“Multimedia has the power to reach a more diverse audience. Mastering these new communications tools is how African Americans can ensure they will continue to have a voice in government and advance their own personal power.”
Speaking to an audience at Virginia Commonwealth University on October 10, the executive editor for Black Enterprise magazine, Derek Dingle, said the “ungovernable media landscape” means “big media no longer has exclusive dibs on deciding what’s news, what’s important.”
Dingle pointed to the coverage of the Jena 6 controversy as a perfect example. He says that story had gone largely ignored by the mainstream media until “young people raised the profile of the case through Web sites and email.” Dingle says, “The Internet and blogs drove the discussion and the national media followed.”
But Dingle says the new media landscape poses a challenge for traditional journalists who value “clarity, context and accuracy.” Dingle says journalists will be challenged to compromise these values in the interest of competition.

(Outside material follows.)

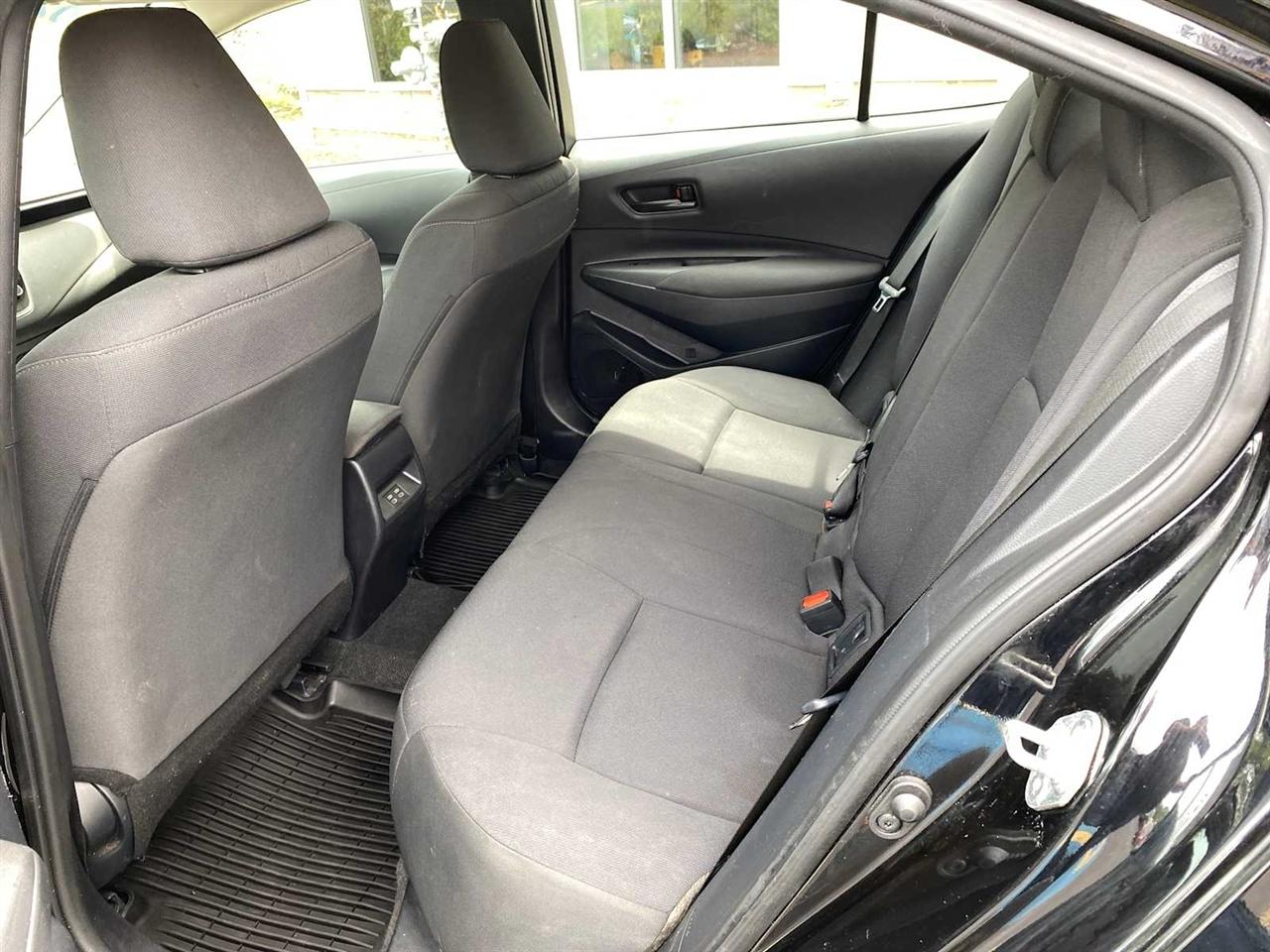 Toyota Corolla LE 2024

He offers four pieces of advice for preserving journalism in today’s media environment:
- Embrace technology. Journalists should view themselves as content developers and managers.
- Keep the audience by knowing where they are and delivering news wherever the audience wants to receive it.
- Stay true to standards of journalistic integrity and excellence. Don’t compromise accuracy for expediency or clarity for the sensational. The audience must trust you.
- Listen to voices emerging out there. Journalists often only talk and listen to themselves. New media offers an unprecedented window on what “real people” are talking about. Listen to them.